Far fewer of Minnesota’s half-million deer hunters will return home with venison this fall, due to restrictive hunting regulations announced Wednesday intended to boost the state’s depressed whitetail population.
The deer harvest could dip as low as 120,000, the Department of Natural Resources said, less than half the 272,000 animals taken as recently as 2006.
The deer population already had been intentionally lowered by wildlife managers before it was racked by the past two brutal winters. As a result, in 95 percent of the state this fall, hunters will be restricted to one deer, and in the northeast, only bucks can be targeted — a restriction that also applies to youths, archers and disabled hunters.
Recently, hunters could take up to five deer in some areas.
“We haven’t seen bucks-only hunting in Minnesota in many, many years,” said Steve Merchant, Department of Natural Resources wildlife populations and regulations manager. “This is a very conservative strategy to protect antlerless deer. We are going to see our deer herd grow as a result.”
Kristian Jankofsky, 39, an avid hunter who lives near Chisholm in the northeast, said the restrictive regulations aren’t a surprise, given the severe winters that have pummeled the region’s deer herd.
“Generally hunters are pretty disappointed [in the declining deer herd,” he said. “They liked the fact that they could hunt multiple seasons and kill multiple deer [in the past].”
Merchant said officials expect some hunters might sit out the season because of the tighter regulations.
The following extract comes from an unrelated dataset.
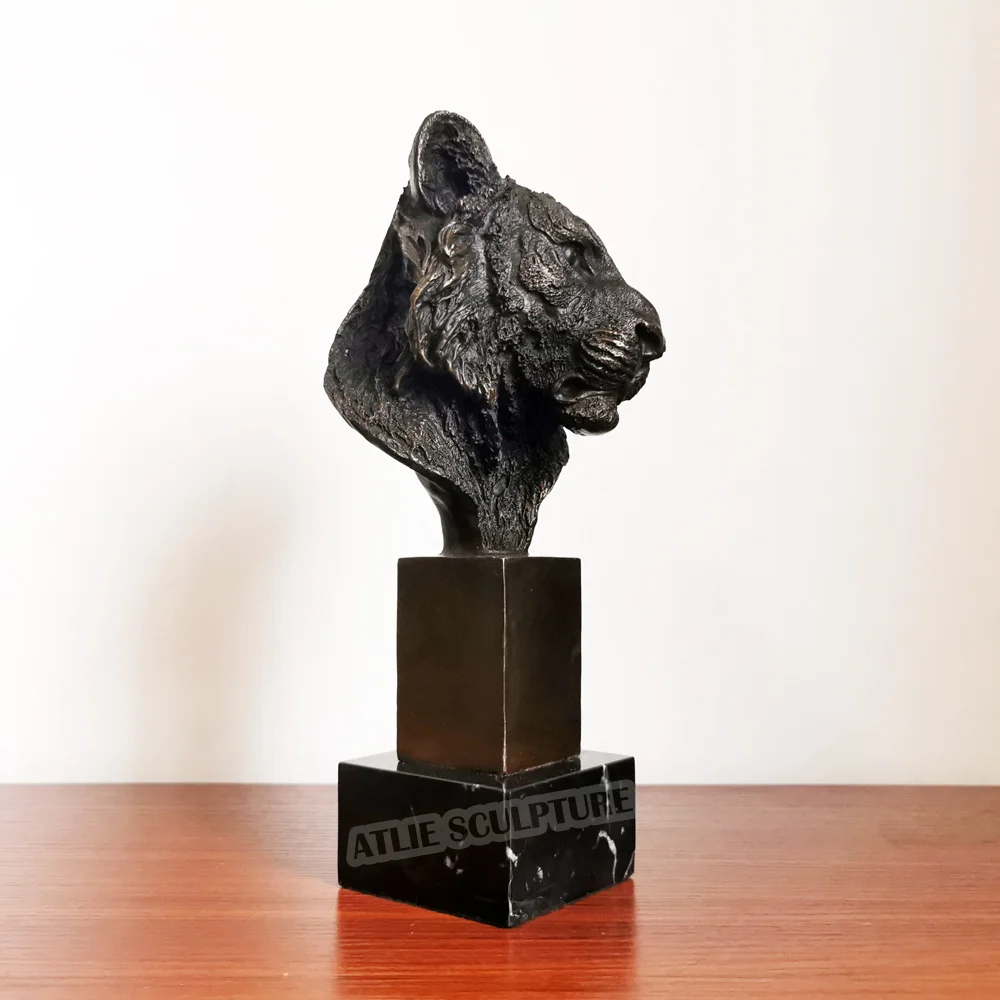 Бронзовая голова тигра скульптура Статуэтка дикая природа Тигр бюст статуя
If so, fewer licenses will be sold and the state’s half-billion-dollar deer hunting economy could take a hit.
“I’m sure there will be fewer deer hunters this year, but I don’t think it will be a lot [fewer],” Merchant said. “In Minnesota, deer hunting is more than a body count. Most hunters will still go to deer camp. Fewer hunters will shoot deer, but that’s a small part of deer hunting.”
Jankofsky hunts with seven others at his deer camp.
“It will definitely impact us,” he said. “We like to eat deer. There’s a big communal-social aspect of gathering this meat and sharing it with families throughout the year.”
Mark Johnson, executive director of the 15,000-member Minnesota Deer Hunters Association, said he is pleased the DNR is trying to increase deer numbers. Most hunters will accept the lower harvest this year, he said, knowing the results should mean more deer in following years.
“It’s short-term pain for long-term gain,” he said.
Still, other hunters have questioned the DNR’s recent strategy to reduce the deer population in some areas by liberalizing hunting regulations. Many hunters at DNR “listening sessions” last winter said the populations had been reduced too much in some areas. Others in the state, worried about forest plant diversity and crop depredation, believe Minnesota still has too many deer.
“We did very aggressively harvest deer to lower deer populations,” Merchant said. “But two severe winters is what really packed a punch that has resulted in the population being well below goal now.”
He said the deer herd can rebound rather quickly.
“We’ve been through this before. It’s amazingly similar to what occurred in 1996-97” after consecutive brutal winters. Three years later, hunters were harvesting record numbers of whitetails, he said.
But all bets are off if another severe winter strikes.